When I first read the title of this post, I wondered if your were refering to one of your readers. In fact for a moment I almost thought it might be me.
I’d plead guilty to being doting and proud, but I didn’t think I’d stepped over the line to “earnest”! Arrrrgh. It’s too horrible to think about.
Simon: Nope, you’re safe on the doting/proud side of the line. An Earnest Daddy would never say, “If you must cry, do it quietly”!!
Imagine a daycare environment with 8 children in the room. Six of the children had Eager Parents. My daughter and another child were the only ones who did NOT have eager parents. I may HAVE become an eager parent had I not seen the other parents brow beating the daycare workers for utter silliness. At the end of the day, I knew that my daughter was loved and well care for, and that was all I wanted.
Makes me wonder what category I fall into now. I took my kids to a party at the whacky warehouse, my youngest son decided it would be cool to jump from the top of the slide (about 8 – 9 feet), on his second jump he was astonished when he hurt his foot.
I called him a muppet for doing it and told him to get over it. I’m pretty sure the other parents thought I was heartless and uncaring.
Si: You’re only heartless and uncaring if you throw them off yourself and then tell them not to come running to you if they break their legs.
I KNOW the mommies in town think I’m heartless and uncaring!
Yesterday my son was at a birthday party at a gymnastics place. As the kids were playing in what I can only describe as a giant foam pit, one child accidentally jumped on top of my son.
Sure, sounds terrible and everyone was quite concerned but me. As you know, you get to know the different cries your children have. I could tell my son was not phsycially hurt but he was offended he’d been jumped on! The other mommies had horrified looks on their faces when I explained this. (I was hugging him and rubbing his back for a minute but I wasn’t examining him for injuries.) As I told him he’d be OK, another mommy kindly knelt down and asked if my son could tell her where it hurt.

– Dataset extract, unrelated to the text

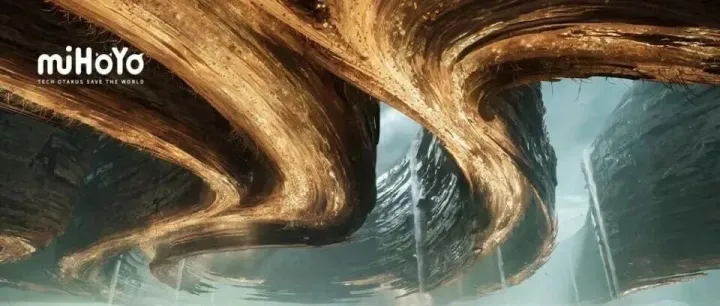 米哈游UE 5<em>游戏</em>大作首曝光：奇幻史诗<em>大世界</em>、大型BOSS战｜区势·<em>游戏</em>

She was sure I was overlooking something as he kept crying. Until the boy who’d fallen on him came over, looking crushed, and said he was “so sorry.” The tears dried up and my son ran off with him to play again.
Hausfrau: Six of eight? I cannot imagine it. It would be a nightmare. In fact, there is another Earnest in my crew, but she sees me as the expert, and seeks my input, rather than seeing me as the problem and expecting me to change…
Si: Oh, you’re a rotten dad, no doubt. You can tell by the way your kids all race from you in fear whenever you enter the room. Just like they are in that picture. (Love the prison-bar eye stripes, BTW!)
Lory: She intervened? How appallingly rude. If the child is upright, coherent, moving, not bleeding, then it’s none of her business. In your situation, I’d have been livid, not only because of the insult and presumption, but because there’s so very little you can do in those situations.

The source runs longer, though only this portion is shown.